Skip to content

Anonymising DataFrames

The anonymise_df() function is designed to anonymise sensitive information in a pandas DataFrame. This function can handle Named Entity Recognition (NER) and regex-based entity recognition to redact information such as names, addresses, and other personal identifiers. It can act on a single column or multiple, and redact inplace or by returning a new DataFrame/column

Parameters

  • df: The DataFrame containing the text to anonymise.
  • column: The name or list of names of the column(s) to anonymise.
  • analyser: An optional AnalyzerEngine instance.

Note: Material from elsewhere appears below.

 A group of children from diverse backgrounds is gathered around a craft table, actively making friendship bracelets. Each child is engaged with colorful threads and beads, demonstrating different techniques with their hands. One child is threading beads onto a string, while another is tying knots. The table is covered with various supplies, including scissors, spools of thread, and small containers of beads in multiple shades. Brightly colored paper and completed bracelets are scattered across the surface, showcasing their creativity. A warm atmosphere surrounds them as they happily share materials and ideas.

If not provided, a new analyser will be created.
  • entities: A list of entities to anonymise using the NER model.
  • regex_entities: A list of regex patterns or custom recognisers to identify and anonymise.
  • highlight: If True, anonymised parts are highlighted.
  • replacement_lists: A dictionary for hide-in-plain-sight redaction containing replacement values per entity type.
  • inplace: If True, the original DataFrame is modified; otherwise, a copy is returned.
  • col_inplace: If True, the original column is replaced with the redacted version.

Basic Example

Here's a basic example of anonymising a DataFrame column:

import pandas as pd
import pteredactyl as pt

analyser = pt.create_analyser()

# Create a DataFrame with sample data
df = pd.DataFrame({
    'text': [
        "John Doe's number is 07111 293892.",
        "Jane Smith's lives at 123 Shirley Road."
    ]
})

# Anonymise the 'text' column
anonymised_df = pt.anonymise_df(
    df=df,
    column='text',
    analyser=analyser,
    entities=['PERSON', 'PHONE_NUMBER', 'LOCATION'],
    inplace=False
)

# Print the result
print(anonymised_df)
                                      text                       text_redacted
0       John Doe's number is 07111 293892.  <PERSON>'s number is 07111 293892.
1  Jane Smith's lives at 123 Shirley Road.     <PERSON>'s lives at <LOCATION>.